Should this be msleep(max(100, timeout_ms)) just to honor the
specification note:

"9.7.3 CXL Reset and Request Retry Status (RRS) ...The device behavior
in response to Configuration Space access to the device within 100 ms of
initiating a CXL Reset is undefined"

...not sure why the specification allowed for devices to specify less
than 100ms timeout values.

> +
> +	rc = pci_read_config_word(pdev, dvsec + PCI_DVSEC_CXL_STATUS2,
> +				  &status2);
> +	if (rc)
> +		return rc;
> +
> +	if (status2 & PCI_DVSEC_CXL_RST_ERR) {
> +		pci_err(pdev, "CXL reset error\n");
> +		return -EIO;
> +	}
> +
> +	if (!(status2 & PCI_DVSEC_CXL_RST_DONE)) {
> +		pci_err(pdev, "CXL reset timeout\n");
> +		return -ETIMEDOUT;
> +	}
> +
> +	rc = pci_read_config_word(pdev, dvsec + PCI_DVSEC_CXL_CTRL2, &ctrl2);
> +	if (rc)
> +		return rc;
> +
> +	ctrl2 &= ~PCI_DVSEC_CXL_DISABLE_CACHING;
> +	rc = pci_write_config_word(pdev, dvsec + PCI_DVSEC_CXL_CTRL2, ctrl2);
> +	if (rc)
> +		return rc;
> +
> +	return 0;
> +}
> +
> +static int match_memdev_by_parent(struct device *dev, const void *parent)
> +{
> +	return is_cxl_memdev(dev) && dev->parent == parent;
> +}
> +
> +static int cxl_do_reset(struct pci_dev *pdev)
> +{
> +	struct cxl_reset_context ctx = { .target = pdev };
> +	struct cxl_memdev *cxlmd = NULL;
> +	struct device *memdev = NULL;
> +	int dvsec, rc;
> +
> +	dvsec = pci_find_dvsec_capability(pdev, PCI_VENDOR_ID_CXL,
> +					  PCI_DVSEC_CXL_DEVICE);
> +	if (!dvsec)
> +		return -ENODEV;
> +
> +	memdev = bus_find_device(&cxl_bus_type, NULL, &pdev->dev,
> +				 match_memdev_by_parent);
> +	if (memdev) {
> +		cxlmd = to_cxl_memdev(memdev);
> +		guard(device)(&cxlmd->dev);

This guard scope ends at this bracket, so it is a nop.

> +	}
> +
> +	mutex_lock(&cxl_reset_mutex);
> +	pci_dev_lock(pdev);

Given that CXL drivers create memdevs the lock ordering needs to be
pci_dev_lock(), then guard(device)(&cxlmd->dev).

> +	if (cxlmd) {
> +		rc = cxl_reset_prepare_memdev(cxlmd);

Ok, so per the lead in comment, a cxl_memdev becomes a requirement, not
a trigger for opportunistic safety.

I do think it ultimately begs the question of whether the PCI core
should one day automatically register cxl devices for this purpose.
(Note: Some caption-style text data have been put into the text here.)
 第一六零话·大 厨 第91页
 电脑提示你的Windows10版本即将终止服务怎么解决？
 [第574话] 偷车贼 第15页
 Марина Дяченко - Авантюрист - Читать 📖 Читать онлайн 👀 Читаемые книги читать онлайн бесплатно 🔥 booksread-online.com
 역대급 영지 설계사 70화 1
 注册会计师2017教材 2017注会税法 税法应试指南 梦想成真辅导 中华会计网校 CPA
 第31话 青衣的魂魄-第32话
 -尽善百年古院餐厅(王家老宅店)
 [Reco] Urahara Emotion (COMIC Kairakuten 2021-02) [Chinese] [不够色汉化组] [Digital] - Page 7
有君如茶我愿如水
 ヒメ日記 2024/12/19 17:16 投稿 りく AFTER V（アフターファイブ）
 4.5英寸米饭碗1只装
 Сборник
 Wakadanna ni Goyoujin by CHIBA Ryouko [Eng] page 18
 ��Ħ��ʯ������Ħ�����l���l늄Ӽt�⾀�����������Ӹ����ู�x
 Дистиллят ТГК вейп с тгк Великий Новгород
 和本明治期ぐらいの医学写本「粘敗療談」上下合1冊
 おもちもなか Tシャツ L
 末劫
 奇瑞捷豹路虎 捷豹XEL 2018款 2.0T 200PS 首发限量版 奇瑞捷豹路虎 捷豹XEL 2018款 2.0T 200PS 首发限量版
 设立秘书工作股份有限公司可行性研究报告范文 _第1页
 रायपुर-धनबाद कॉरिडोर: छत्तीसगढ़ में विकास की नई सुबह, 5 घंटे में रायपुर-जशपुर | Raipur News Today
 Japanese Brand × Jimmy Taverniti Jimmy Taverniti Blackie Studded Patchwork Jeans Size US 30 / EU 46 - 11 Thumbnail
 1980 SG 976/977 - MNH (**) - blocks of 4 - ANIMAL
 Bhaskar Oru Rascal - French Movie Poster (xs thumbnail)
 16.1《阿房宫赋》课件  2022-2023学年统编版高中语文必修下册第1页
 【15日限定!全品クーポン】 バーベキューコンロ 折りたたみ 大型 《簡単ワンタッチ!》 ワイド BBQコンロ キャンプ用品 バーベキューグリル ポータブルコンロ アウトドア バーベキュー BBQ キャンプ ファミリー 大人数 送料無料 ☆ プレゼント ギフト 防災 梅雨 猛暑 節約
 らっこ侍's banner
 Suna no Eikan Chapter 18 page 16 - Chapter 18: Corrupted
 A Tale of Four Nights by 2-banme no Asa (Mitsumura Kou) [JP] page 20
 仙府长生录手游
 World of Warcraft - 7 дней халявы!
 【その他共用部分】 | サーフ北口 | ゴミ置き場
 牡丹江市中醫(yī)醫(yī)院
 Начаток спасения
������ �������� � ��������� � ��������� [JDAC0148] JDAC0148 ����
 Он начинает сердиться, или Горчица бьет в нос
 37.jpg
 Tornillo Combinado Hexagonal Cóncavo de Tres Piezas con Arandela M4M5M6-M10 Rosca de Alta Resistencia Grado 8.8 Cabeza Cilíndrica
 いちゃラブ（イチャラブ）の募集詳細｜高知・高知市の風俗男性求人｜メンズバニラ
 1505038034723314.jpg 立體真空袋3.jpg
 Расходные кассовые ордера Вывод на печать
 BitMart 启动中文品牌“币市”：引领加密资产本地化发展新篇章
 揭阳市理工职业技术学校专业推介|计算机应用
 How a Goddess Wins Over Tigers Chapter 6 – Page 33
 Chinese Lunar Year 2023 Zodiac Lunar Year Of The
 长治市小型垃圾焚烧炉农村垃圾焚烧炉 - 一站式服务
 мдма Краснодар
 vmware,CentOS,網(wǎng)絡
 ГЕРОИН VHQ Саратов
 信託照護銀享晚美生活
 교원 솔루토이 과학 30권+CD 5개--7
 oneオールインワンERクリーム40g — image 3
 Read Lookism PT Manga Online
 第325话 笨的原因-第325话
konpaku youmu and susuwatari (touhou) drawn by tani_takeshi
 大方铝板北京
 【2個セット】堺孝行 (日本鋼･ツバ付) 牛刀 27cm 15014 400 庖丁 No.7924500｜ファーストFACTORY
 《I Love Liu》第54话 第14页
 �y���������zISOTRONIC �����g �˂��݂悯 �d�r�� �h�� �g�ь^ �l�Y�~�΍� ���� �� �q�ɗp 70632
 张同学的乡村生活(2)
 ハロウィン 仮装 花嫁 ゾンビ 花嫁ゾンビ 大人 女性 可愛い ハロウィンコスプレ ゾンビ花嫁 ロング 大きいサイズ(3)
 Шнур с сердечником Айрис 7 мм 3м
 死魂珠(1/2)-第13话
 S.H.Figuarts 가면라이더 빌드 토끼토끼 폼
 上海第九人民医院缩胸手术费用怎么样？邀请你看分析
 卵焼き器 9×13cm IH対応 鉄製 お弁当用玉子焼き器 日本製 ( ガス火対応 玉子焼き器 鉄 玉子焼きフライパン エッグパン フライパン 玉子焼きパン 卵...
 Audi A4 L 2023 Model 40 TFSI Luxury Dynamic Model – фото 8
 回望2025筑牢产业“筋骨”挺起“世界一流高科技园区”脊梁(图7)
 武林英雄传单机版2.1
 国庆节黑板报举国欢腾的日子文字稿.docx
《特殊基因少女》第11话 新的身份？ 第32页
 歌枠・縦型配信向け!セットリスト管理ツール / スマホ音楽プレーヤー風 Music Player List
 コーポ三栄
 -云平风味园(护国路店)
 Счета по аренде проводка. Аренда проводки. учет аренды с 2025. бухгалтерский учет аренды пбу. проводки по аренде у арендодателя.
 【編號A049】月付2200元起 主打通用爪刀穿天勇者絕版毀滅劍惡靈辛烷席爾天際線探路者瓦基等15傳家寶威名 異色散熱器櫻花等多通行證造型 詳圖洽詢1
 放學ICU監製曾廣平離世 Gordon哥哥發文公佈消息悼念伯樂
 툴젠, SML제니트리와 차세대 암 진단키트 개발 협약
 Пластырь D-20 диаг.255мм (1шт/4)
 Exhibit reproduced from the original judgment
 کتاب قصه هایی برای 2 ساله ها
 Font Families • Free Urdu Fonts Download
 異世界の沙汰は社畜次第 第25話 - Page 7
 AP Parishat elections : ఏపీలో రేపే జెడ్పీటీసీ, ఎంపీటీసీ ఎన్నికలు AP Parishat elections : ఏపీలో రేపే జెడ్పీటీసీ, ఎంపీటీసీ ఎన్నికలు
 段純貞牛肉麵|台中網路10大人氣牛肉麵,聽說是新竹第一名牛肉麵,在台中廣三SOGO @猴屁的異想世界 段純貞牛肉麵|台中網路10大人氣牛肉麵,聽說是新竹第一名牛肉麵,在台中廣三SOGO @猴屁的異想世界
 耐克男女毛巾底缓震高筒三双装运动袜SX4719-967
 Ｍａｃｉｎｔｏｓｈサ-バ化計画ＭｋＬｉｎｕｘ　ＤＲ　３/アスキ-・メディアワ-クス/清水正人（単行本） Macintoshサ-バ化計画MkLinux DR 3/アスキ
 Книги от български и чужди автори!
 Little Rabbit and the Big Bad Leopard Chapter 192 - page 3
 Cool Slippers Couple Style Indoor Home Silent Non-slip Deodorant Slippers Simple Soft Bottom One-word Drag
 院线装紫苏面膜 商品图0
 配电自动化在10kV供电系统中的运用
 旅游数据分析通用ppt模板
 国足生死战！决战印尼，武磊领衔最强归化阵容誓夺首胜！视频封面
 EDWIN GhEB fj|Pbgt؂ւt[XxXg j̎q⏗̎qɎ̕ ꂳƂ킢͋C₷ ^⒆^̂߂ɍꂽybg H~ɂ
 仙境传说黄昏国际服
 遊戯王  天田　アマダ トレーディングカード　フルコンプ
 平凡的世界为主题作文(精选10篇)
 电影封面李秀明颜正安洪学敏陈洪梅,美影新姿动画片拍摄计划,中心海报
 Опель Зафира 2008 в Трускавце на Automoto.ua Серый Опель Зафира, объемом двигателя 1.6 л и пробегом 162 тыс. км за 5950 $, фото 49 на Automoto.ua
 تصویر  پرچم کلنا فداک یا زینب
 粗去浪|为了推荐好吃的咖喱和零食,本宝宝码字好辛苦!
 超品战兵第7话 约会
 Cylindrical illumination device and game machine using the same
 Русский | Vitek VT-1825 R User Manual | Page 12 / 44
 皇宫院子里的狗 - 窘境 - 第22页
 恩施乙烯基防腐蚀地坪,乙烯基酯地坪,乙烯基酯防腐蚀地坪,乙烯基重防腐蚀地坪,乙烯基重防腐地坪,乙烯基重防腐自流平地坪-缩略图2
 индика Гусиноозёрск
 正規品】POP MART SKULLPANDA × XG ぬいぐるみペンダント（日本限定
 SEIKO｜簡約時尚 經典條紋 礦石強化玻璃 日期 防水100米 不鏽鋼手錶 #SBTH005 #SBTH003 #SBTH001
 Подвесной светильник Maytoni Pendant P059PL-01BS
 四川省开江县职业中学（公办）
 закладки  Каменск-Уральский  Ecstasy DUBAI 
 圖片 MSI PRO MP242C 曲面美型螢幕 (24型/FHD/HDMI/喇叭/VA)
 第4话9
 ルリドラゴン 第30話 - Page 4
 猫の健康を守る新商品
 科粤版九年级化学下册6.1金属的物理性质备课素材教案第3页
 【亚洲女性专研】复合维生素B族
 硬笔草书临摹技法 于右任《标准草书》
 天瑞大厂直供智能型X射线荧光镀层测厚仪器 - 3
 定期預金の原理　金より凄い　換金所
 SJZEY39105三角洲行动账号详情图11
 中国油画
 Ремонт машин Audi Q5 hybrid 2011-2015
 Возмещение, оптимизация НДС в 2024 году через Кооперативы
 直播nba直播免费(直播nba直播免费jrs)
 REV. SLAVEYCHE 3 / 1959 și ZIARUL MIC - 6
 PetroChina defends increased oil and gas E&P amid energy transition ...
For
now the assumption is a driver, like vfio-pci, has registered a memdev
to get a memX/cxl_reset interface published in sysfs.

The presence of a cxl_memdev allows coordinating not only region
discovery, but also reconfiguration locking. With the memdev we have a
chance to ask the questions:

1/ are any cacheable mappings of this device established?
2/ is that answer durable for the duration of the reset?
3/ can the HDM configuration be recovered from the cxl_memdev to
   cxl_root decoder association?

In the short term the fastest answers to those questions is just walk
the memdev and cxl root, in the longer term I would be open to building
more CXL awareness into the core so that CXL reset does not need a
driver loaded.

As for the safety guarantees, I do not think cxl_reset_prepare_memdev()
should be trying to hot unplug memory. Either the caller has arranged
for CXL to be idle or the reset fails.

With cxl_acpi and cxl_mem loaded you can pin down the HPA space for the
duration of the reset. It has a chance to be compatible with all CXL
reset use cases.